Así descrita, cabría pensar que la instalación roza el panfleto y posee las luces y las sombras del discurso ideológico. No es así. Jonsson confiere a la obra un eficaz distanciamiento gracias en parte a un ácido humor y sobre todo por su propio posicionamiento: el ideólogo tacha al mundo de absurdo y cruel, y lo hace creyendo tener el remedio de tanto disparate; Jonsson por el contrario, muestra el dislocamiento de las cosas desde su propio desconcierto, sabiendo que ni ella ni nadie pueden escapar de él.

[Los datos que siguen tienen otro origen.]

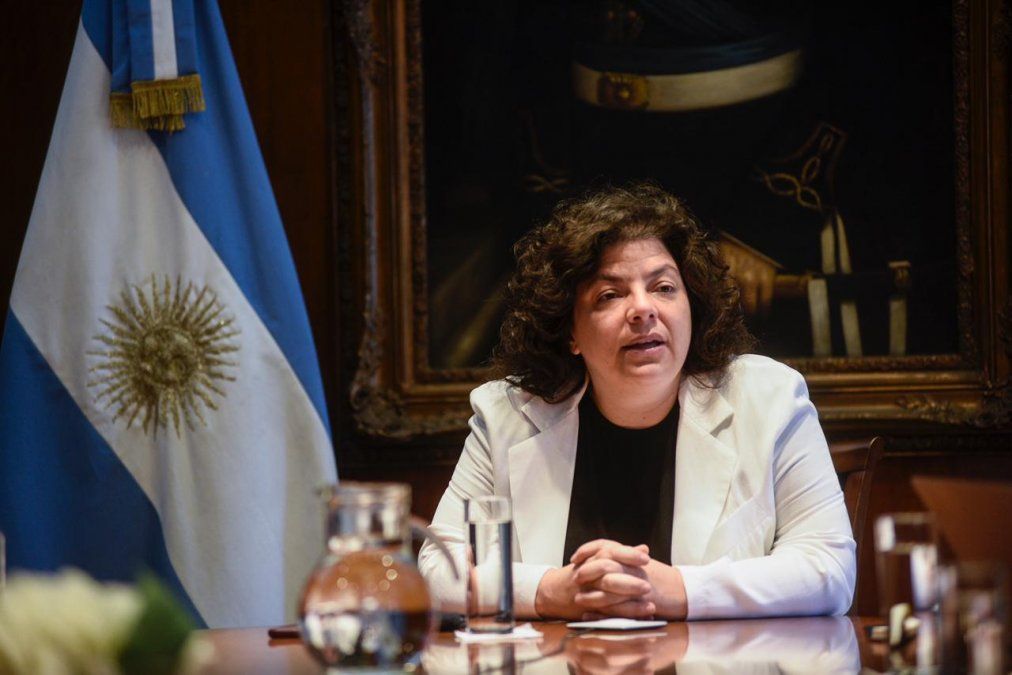 Vacunatorio VIP: la respuesta del Gobierno sobre las vacunas enviadas a El Calafate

Quizá esta sea la clave de sus Pensadoras: pequeñas figuras femeninas, sentadas, la cabeza sobre las manos, como el sesudo varón esculpido por Rodin. Pero las diferencias son elocuentes. Aquel varón parecía situado en los límites del mundo, su desnudez y la de la roca sobre la que se sienta son un canto a la abstracción y al pensamiento puro, y sus ideas -a juzgar por su rostro- deben tener alcance singular. Las chicas de Jonsson se sientan sobre algo parecido a aquellas setas que en los cuentos infantiles daban cobijo a los gnomos, como si frente a la fe varonil en el pensamiento abstracto, ellas no hubieran perdido la confianza en la imaginación, esa capacidad que un antiguo pensador calificó de arte oculto del alma humana. Ataviadas además de diario, casi de casa, parecen anteponer a las ideas elevadas la reflexión sobre la prosa cotidiana que es donde se plantean los problemas reales y donde, si la tienen, pueden encontrar solución. Tal vez por eso sus rostros han cambiado la expresión heroica por la de agobio: vivir, al fin y al cabo, no es nada fácil y estas mujeres no están dispuestas a cambiar tal dificultad por un pensamiento que puede ser tan elevado como narcisista. Las pensadoras poseen finalmente ese toque de ironía que tiene la virtud de quitar importancia a la obra. Es sin embargo una ironía honda: produce una sonrisa que uno se lleva a casa, que permanece. Como la del Gato de Cheshire que tanto sorprendió a Alicia.